=== Begin Enclosure ===

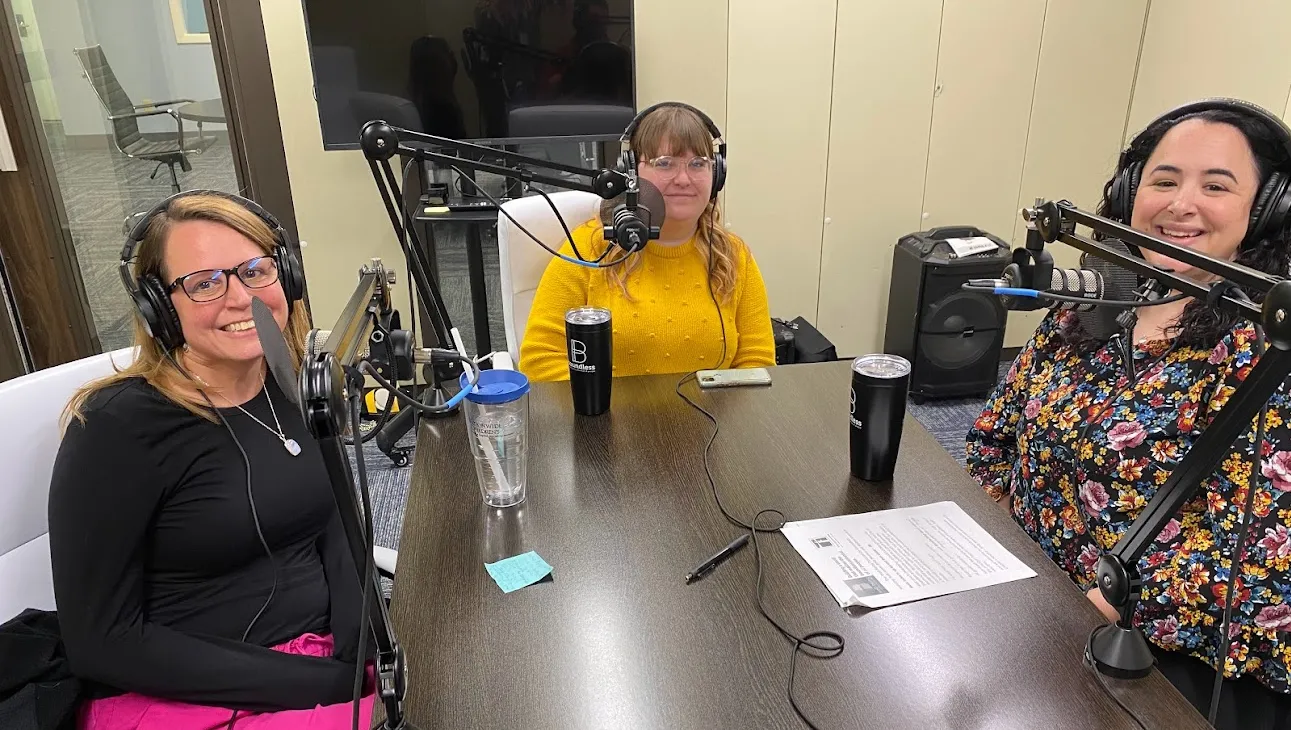 Three women at a table recording a podcast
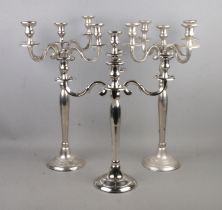 Three chromed four-branch candelabra.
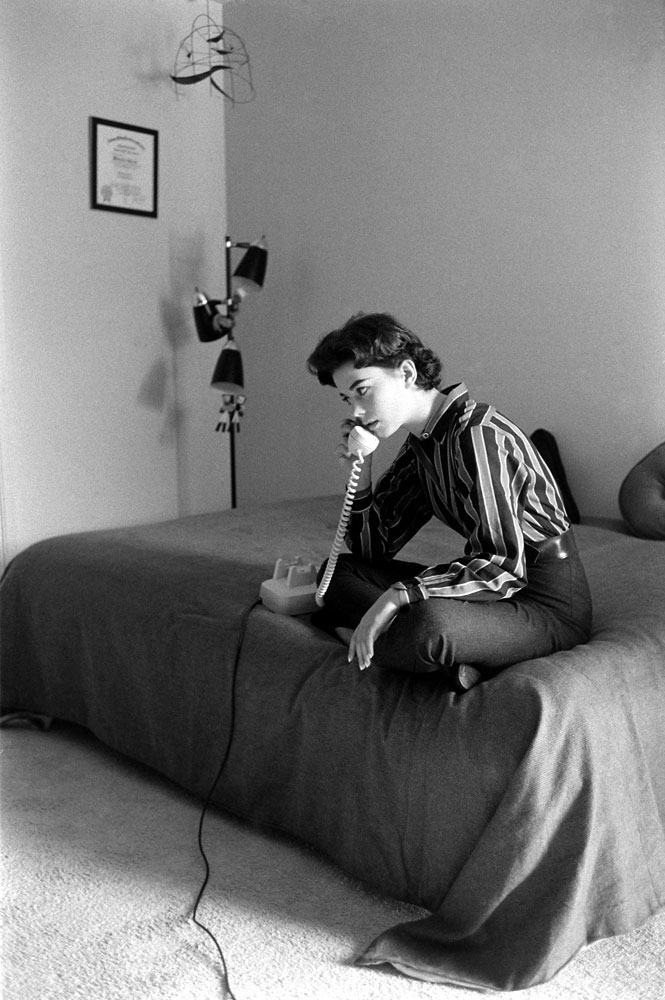 Natalie Wood takes a call while sitting on her bed at home in 1965.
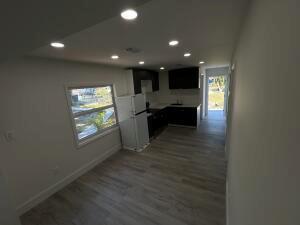 A modern kitchen with dark cabinets and a white refrigerator opens into a living area — 1063 NW 55th Terrace, Miami FL 33127, MIAMI, FL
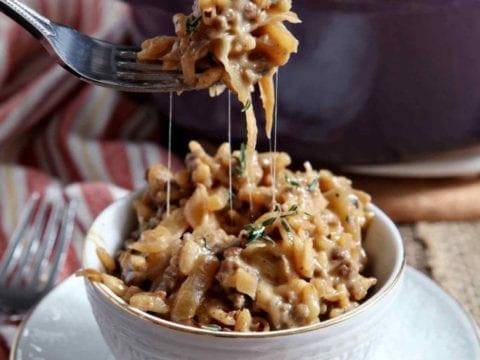 A fork lifts risotto out of a bowl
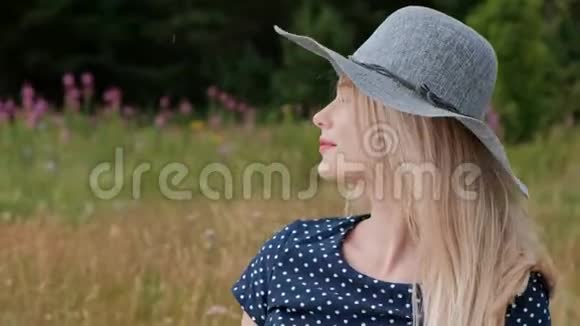 一个年轻迷人的金发女人穿着蓝色的连衣裙和帽子坐在草地上的格子上风吹着头发视频的预览图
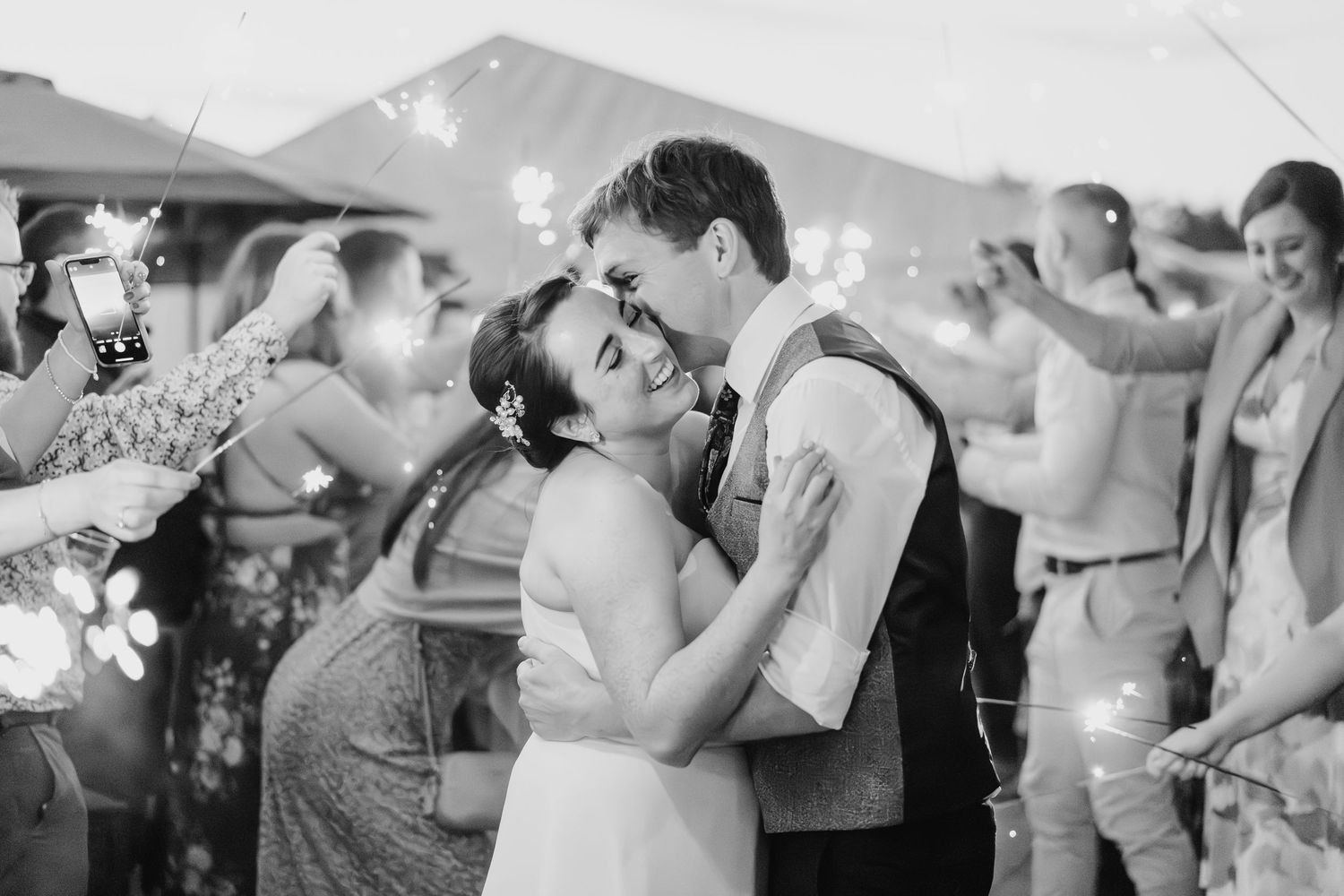 A collection of guests dancing and celebrating at a wedding reception with raised hands and festive energy. Wedding PHOTOGRAPHER Dublin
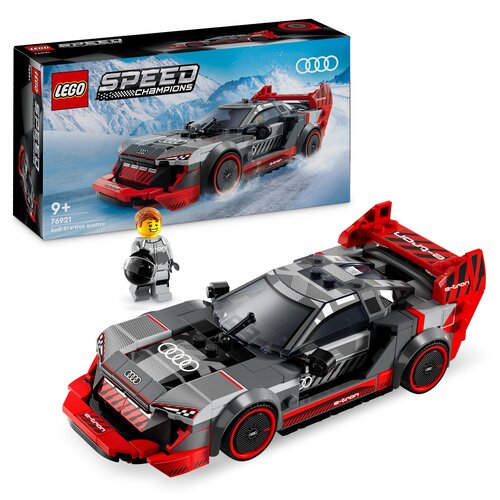 Zestaw LEGO przedstawia model wyścigowego samochodu Audi S1 E-tron Quattro z serii Speed Champions, z widocznym logo Audi na masce. Obok samochodu znajduje się figurka ludzika LEGO w kasku, a w tle pudełko z grafiką przedstawiającą samochód na tle górskie
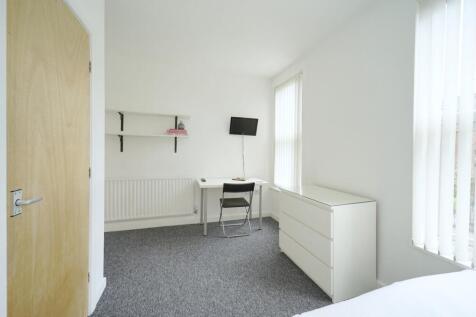 A tidy, well-lit student room with a desk, chai...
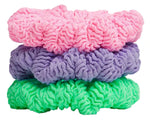 Three Hunza G scrunchies in Bubblegum, Lime, and Lilac are stacked together like a mini set against a white background.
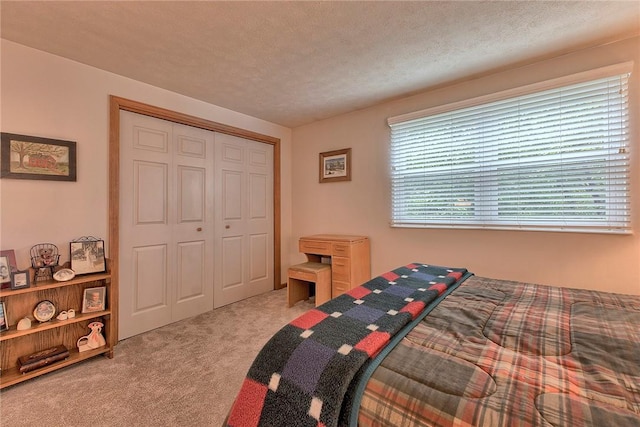 carpeted bedroom with a closet and a textured ceiling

=== End Enclosure ===

■ **Problem to solve**: An acceptable answer holds exactly the lines from the one with "A collection of" through the end of the entries above, both ends kept, and no pictures at all.

■ **Solution to this exercise**:
 A collection of guests dancing and celebrating at a wedding reception with raised hands and festive energy. Wedding PHOTOGRAPHER Dublin
 Zestaw LEGO przedstawia model wyścigowego samochodu Audi S1 E-tron Quattro z serii Speed Champions, z widocznym logo Audi na masce. Obok samochodu znajduje się figurka ludzika LEGO w kasku, a w tle pudełko z grafiką przedstawiającą samochód na tle górskie
 A tidy, well-lit student room with a desk, chai...
 Three Hunza G scrunchies in Bubblegum, Lime, and Lilac are stacked together like a mini set against a white background.
 carpeted bedroom with a closet and a textured ceiling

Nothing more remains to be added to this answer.